The problem with that approach is that the causes being protested about most often are, ultimately, popular, even if the tactics and the individuals themselves are not. In the case of Palestine Action, most Britons support a ceasefire in Gaza and an arms embargo; in the case of Just Stop Oil, most support strong action on climate change. The government could win a double victory for both its beloved liberal common sense and populism by repealing the anti-protest laws and then taking the political action that would make such protests unnecessary. But that it won’t do the former can probably be read as a statement of intent not to do the latter.
This, I think, is key. The Tories were invested in suppressing protest both because it was disruptive to their big business backers and because they knew anger was proliferating in the face of their failure to improve the climate outlook, or living standards, or Britain’s position on global injustice. Labour now appears to be doing the same thing, preemptively insulating itself from the dissent it fears its (in)action is liable to cause.

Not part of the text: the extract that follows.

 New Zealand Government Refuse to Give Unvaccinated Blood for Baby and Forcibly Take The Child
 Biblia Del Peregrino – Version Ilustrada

We know, by now, how the historical trajectory of these kinds of protest movements develops. As Conor Gearty puts it, ‘every new group always gets a rough time from the police and the public until (if they win) they are retrospectively deified as constitutional treasures.’ Gabriel Winant makes the same case in his postmortem on the recent Democratic defeat, adding the point that attacks by liberals in particular make even less sense because they push liberal ends further away:
[V]irtually every historical moment of substantive liberal triumph has been made possible by social movements that imposed themselves from below, often over the protest of liberal policymakers and thinkers, registering their objection to the means despite their abstract support for the ends. Universal adult suffrage, the welfare state, equal protection under law — such is the story of each of these.

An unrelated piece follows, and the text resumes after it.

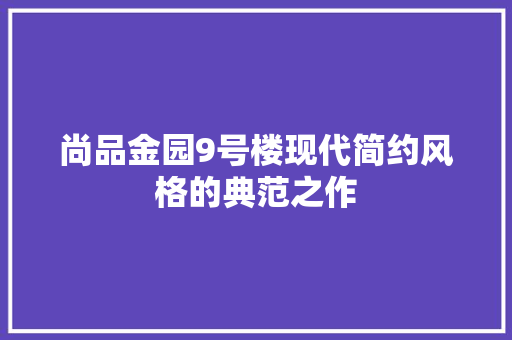 尚品金园9号楼现代简约风格的典范之作  第1张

This time around, given the scale and complexity of the crises — climate, security, economic, democratic — at hand, there’s no time for reactionary posturing. Public opinion is already ahead, and political vapidity no longer plays; the trust lent to Labour in the face of Conservative collapse has already been rescinded. The riots this summer show how easily the far right is able to capitalise on disaffection and distrust of the political mainstream, the sense that politicians don’t want to hear what voters have to say. Despite all this, Labour appears to be declaring its allegiance to the status quo. It is that, not ‘woke’ protests, that will damn it in the years to come.